The point of Dan's post is that you can't trust that Bush will appoint a competent conservative. So, when Bush appoints someone with little relevant record, it's appropriate for a conservative to question the appointment. It doesn't matter for whom you voted -- at some point, we all vote against a candidate whose judgment we trust, but with whose philosophy we disagree. And, at some point we all vote for someone with whose philosophy we agree, but with whose judgment we, in the end, don't.
It seems that many people are taking the question as being, "Is she conservative or not?" when the actual question is, "Is she the best (or even a competent) candidate or not?"posted by: Andrew Steele on 10.05.05 at 03:12 PM [permalink]
True Andrew, and the next question is "Is she the best candidate that can be confirmed without starting a shooting war". Lets not pretend there were not circumstances outside Bush's control in his selection.posted by: Mark Buehner on 10.05.05 at 03:12 PM [permalink]
If you think she is the best candidate that could be confirmed, then you really are as stupid as I'm suggesting.
I think its time you find a blog that is more appropriate for your level of intelligence.posted by: RZ on 10.05.05 at 03:12 PM [permalink]
I don't get it....
Miers claims Bush is the most brilliant man she ever met? This automatically disqualifies her in my book. This is not loyalty, this is idol worship.
The fact that Bush claims that Miers "will not change" even 20 years down the line implies that neither mental curiosity or open mindedness is part of her repertoire. In this world of constant change, anyone who does not grow to accept new found ideas is doomed. Even Senator Byrd of WV regrets his association with the KKK. Is this the Conservative Movement's gift to our nations future?posted by: Ben Donikian on 10.05.05 at 03:12 PM [permalink]
"The fact that Bush claims that Miers "will not change" even 20 years down the line implies that neither mental curiosity or open mindedness is part of her repertoire."
First of all, I dont see anything wrong with having convictions that hold up for 20 years.
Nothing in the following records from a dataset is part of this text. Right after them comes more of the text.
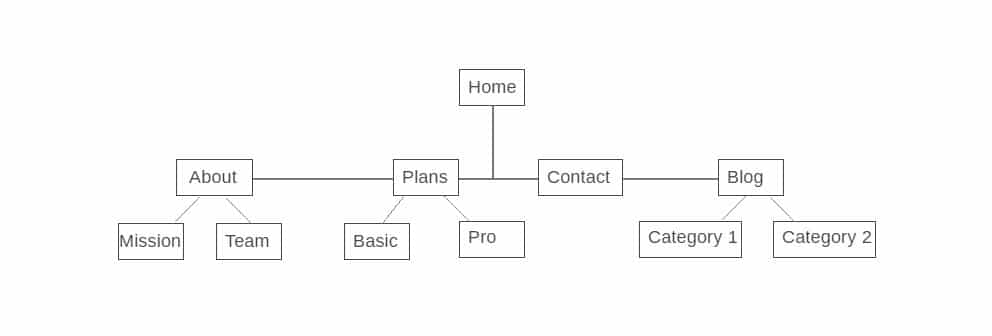 Navigation structure example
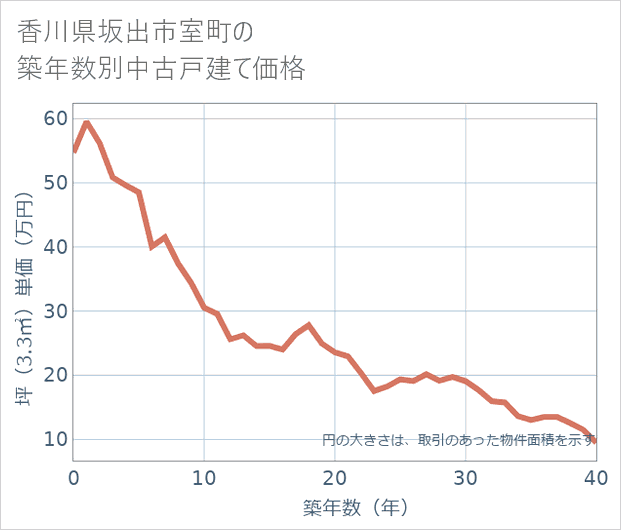 香川県坂出市室町の築年数別の中古戸建て坪単価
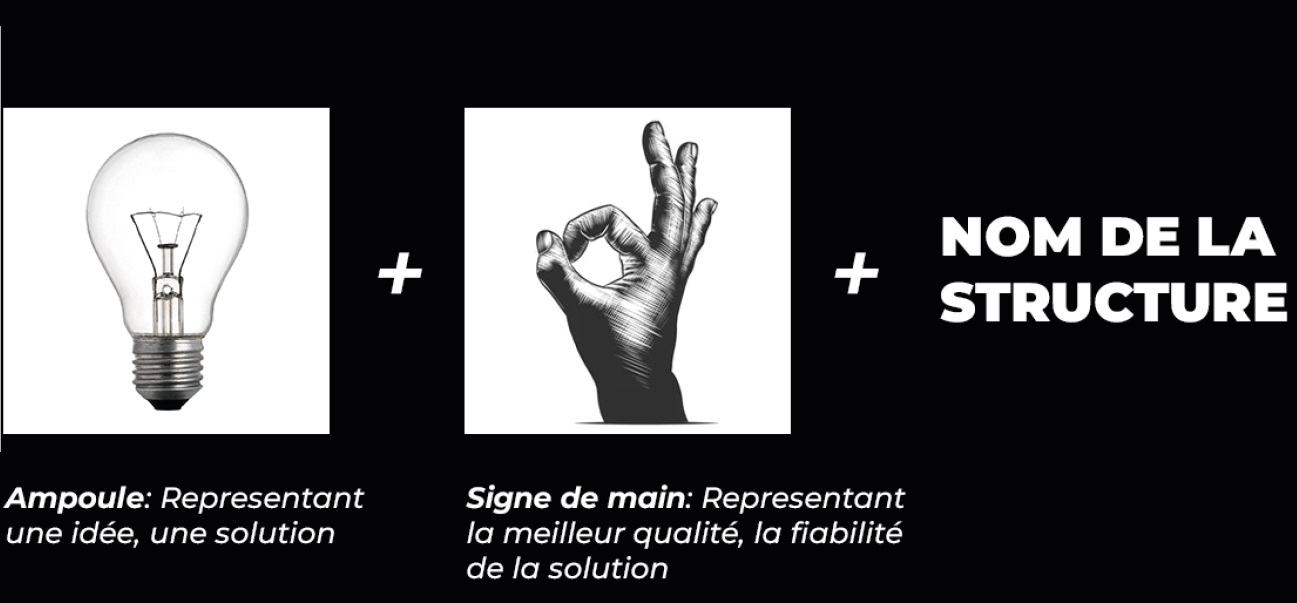 La marque ASAPH PRESTIGE : l’ampoule (l’idée) et la main (la qualité)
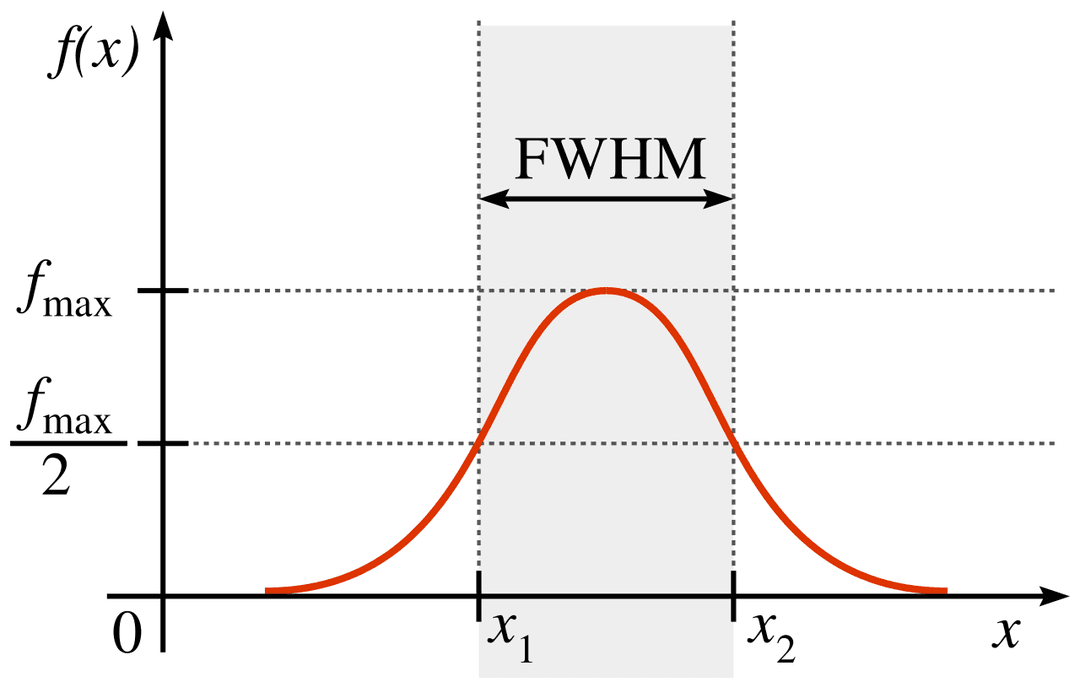 Largeur à mi-hauteur — Wikipédia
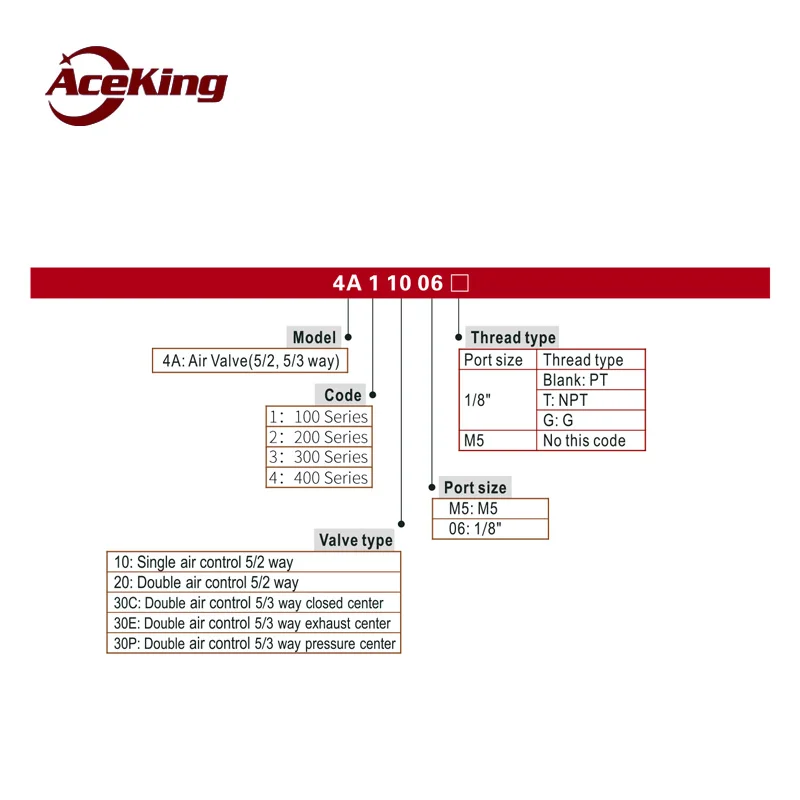 واحد ومزدوج صمام التحكم في الهواء الهوائية اسطوانة صغيرة عكس صمام 4a210-08/310-1010-410-15/220-08c صمام هوائي #6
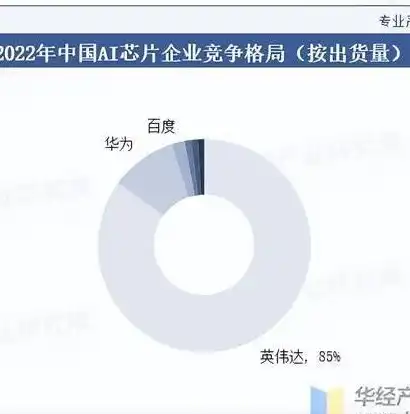 深入解析，2023年性价比最高的云服务器推荐，云服务器哪个便宜好用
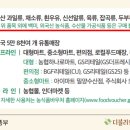 GS25 밀양수산점 이미지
Murder is wrong now, and i am willing to go out on a limb and say it will most definately be wrong in 20 years. Secondly, we know that Miers has contributed to Democrats in the past and apparently has undergone some sort of change over the years.
"Even Senator Byrd of WV regrets his association with the KKK. Is this the Conservative Movement's gift to our nations future?"
Boasting of having former Klan members seems like an odd claim to a superior party. Perhaps this is one of those liberal/conservative differences, but I dont happen to think people that join groups devoted to violence and murder against minorities change their feathers. Since when is having convictions a negative? Should we all give the Klan a spin as part of our enlightenment?